DIRECTIONS. The response should repeat word for word every line below from the one with "Mercedes OM460 Piston" to the one with "38 Wood Street, Avondale Heights VIC 3034", inclusive, and nothing else; leave pictures out.

DATA SUPPLIED.
§

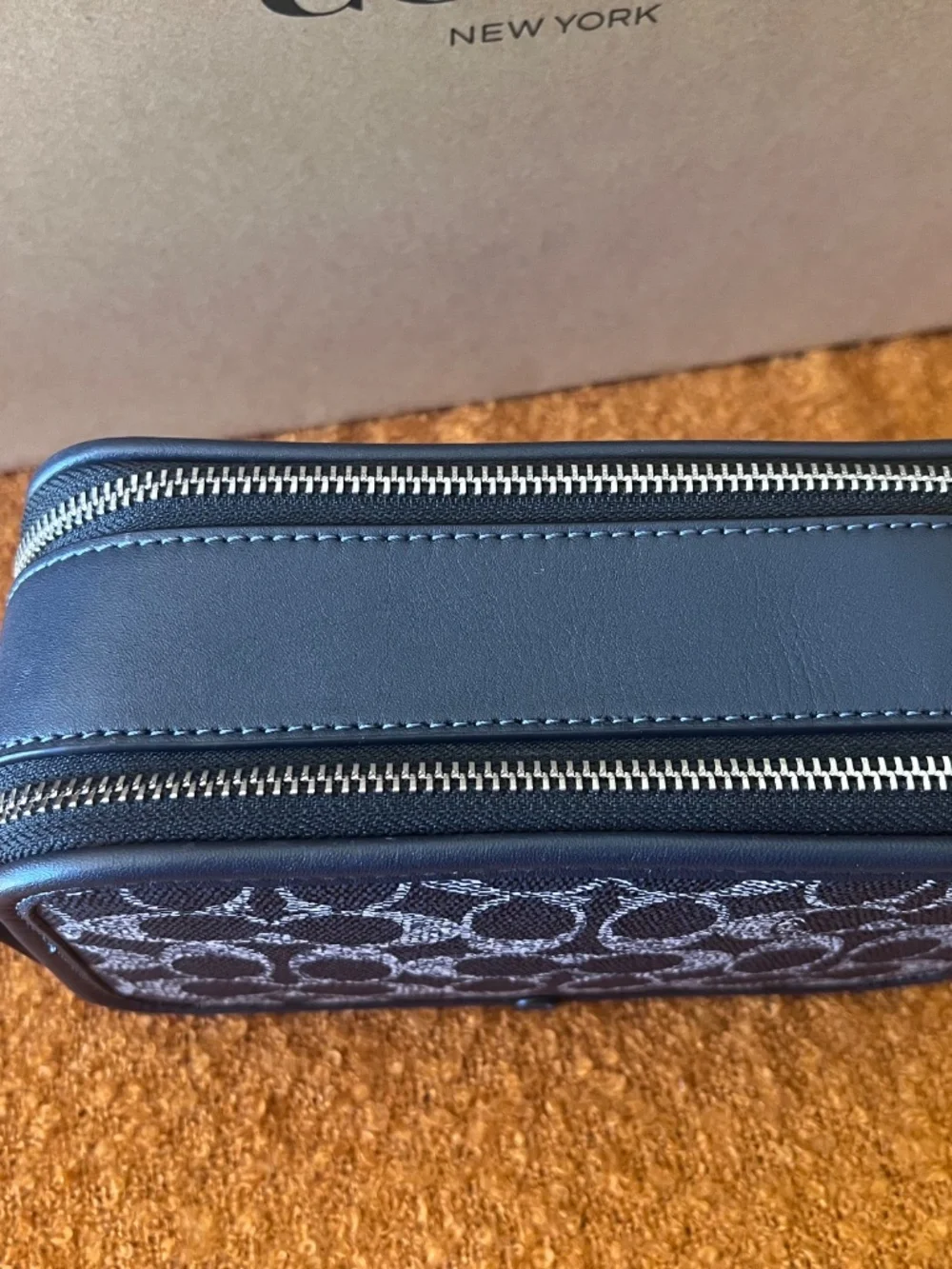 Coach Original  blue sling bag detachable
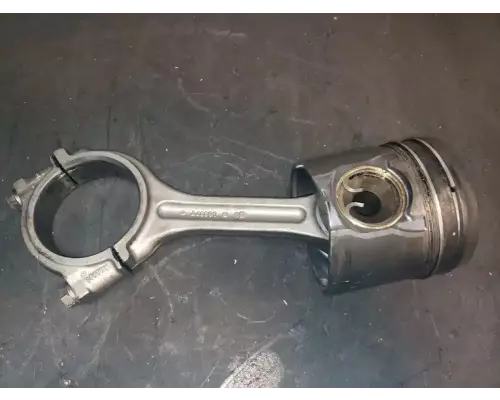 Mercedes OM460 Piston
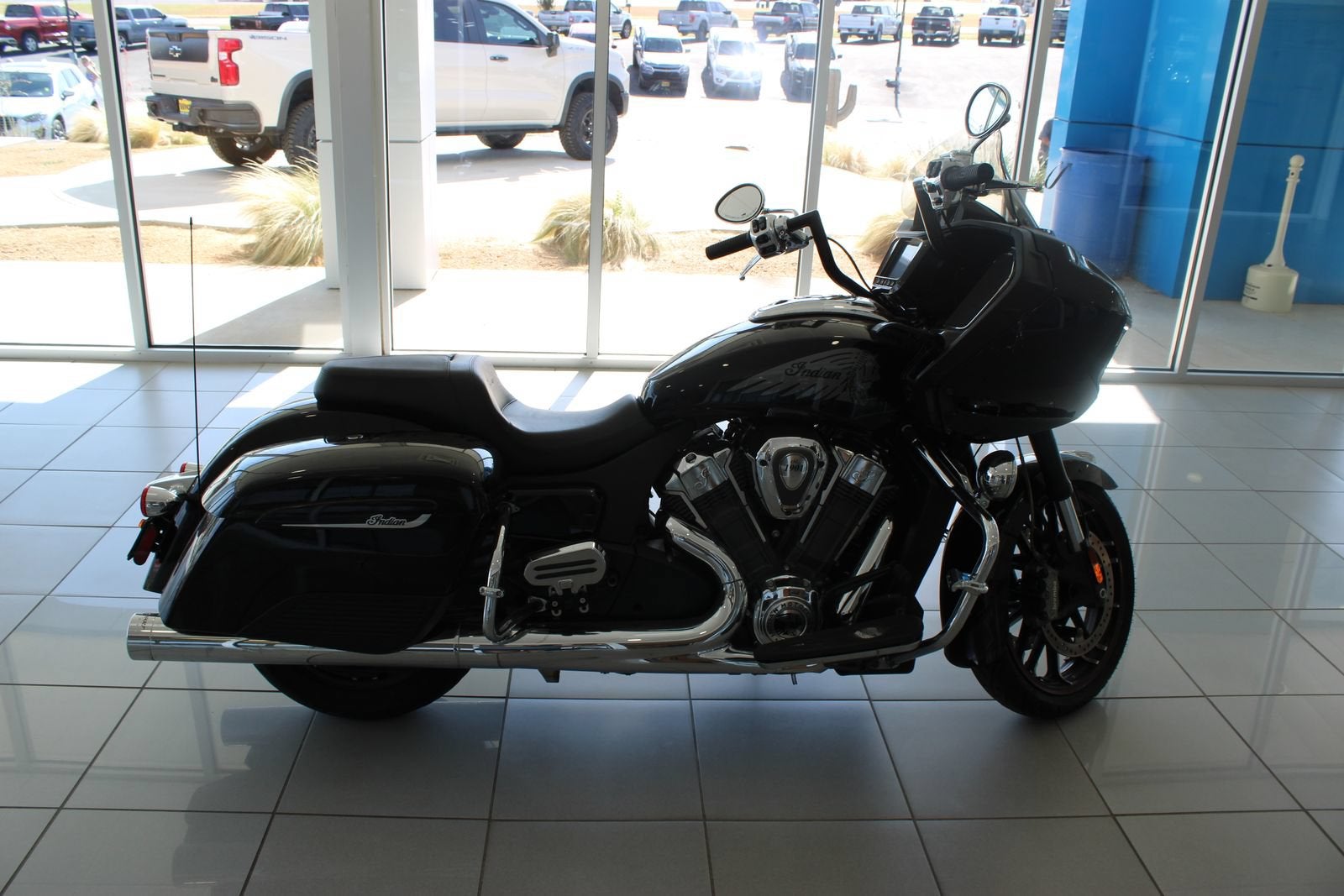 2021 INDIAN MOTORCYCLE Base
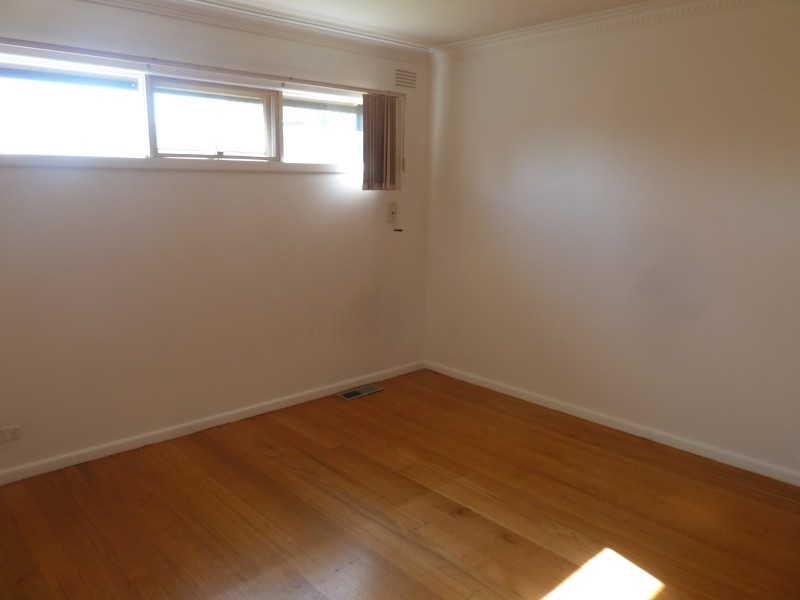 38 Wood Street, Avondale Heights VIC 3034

§

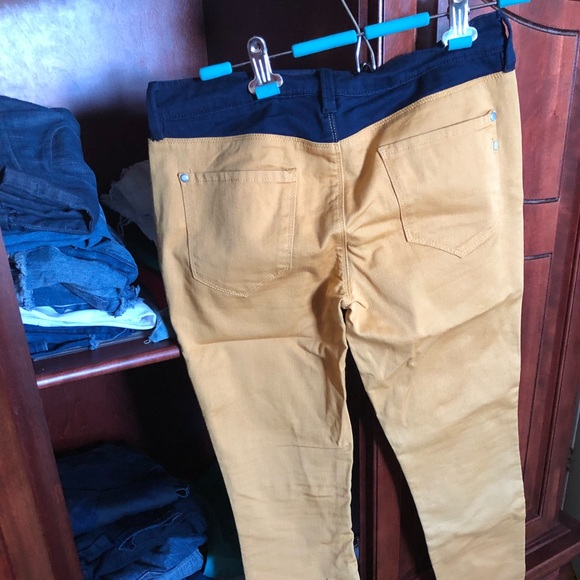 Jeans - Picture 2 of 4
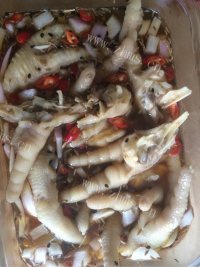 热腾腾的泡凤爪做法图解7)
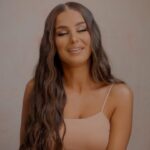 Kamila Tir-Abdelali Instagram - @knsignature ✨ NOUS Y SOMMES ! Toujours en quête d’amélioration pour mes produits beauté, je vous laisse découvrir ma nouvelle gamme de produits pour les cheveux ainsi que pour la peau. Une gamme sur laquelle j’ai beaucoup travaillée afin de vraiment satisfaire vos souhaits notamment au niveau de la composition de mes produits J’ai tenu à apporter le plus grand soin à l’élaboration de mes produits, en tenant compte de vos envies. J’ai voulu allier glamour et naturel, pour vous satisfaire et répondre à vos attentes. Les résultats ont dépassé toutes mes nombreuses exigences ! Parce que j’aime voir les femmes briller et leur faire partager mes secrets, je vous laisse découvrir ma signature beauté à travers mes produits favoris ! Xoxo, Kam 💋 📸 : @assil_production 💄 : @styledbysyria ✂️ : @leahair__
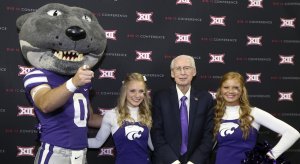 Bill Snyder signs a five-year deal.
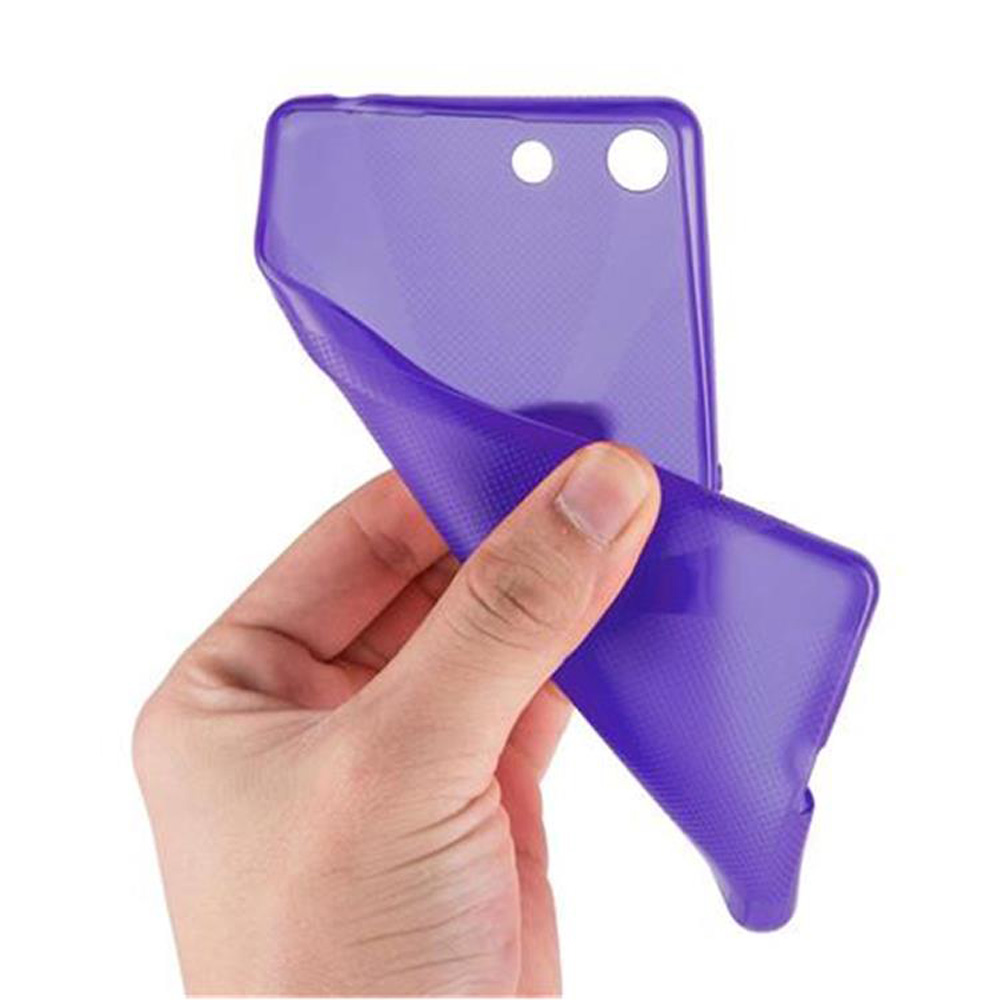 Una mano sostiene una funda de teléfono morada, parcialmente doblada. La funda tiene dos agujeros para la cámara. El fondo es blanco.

§

RESULT.
 Mercedes OM460 Piston
 2021 INDIAN MOTORCYCLE Base
 38 Wood Street, Avondale Heights VIC 3034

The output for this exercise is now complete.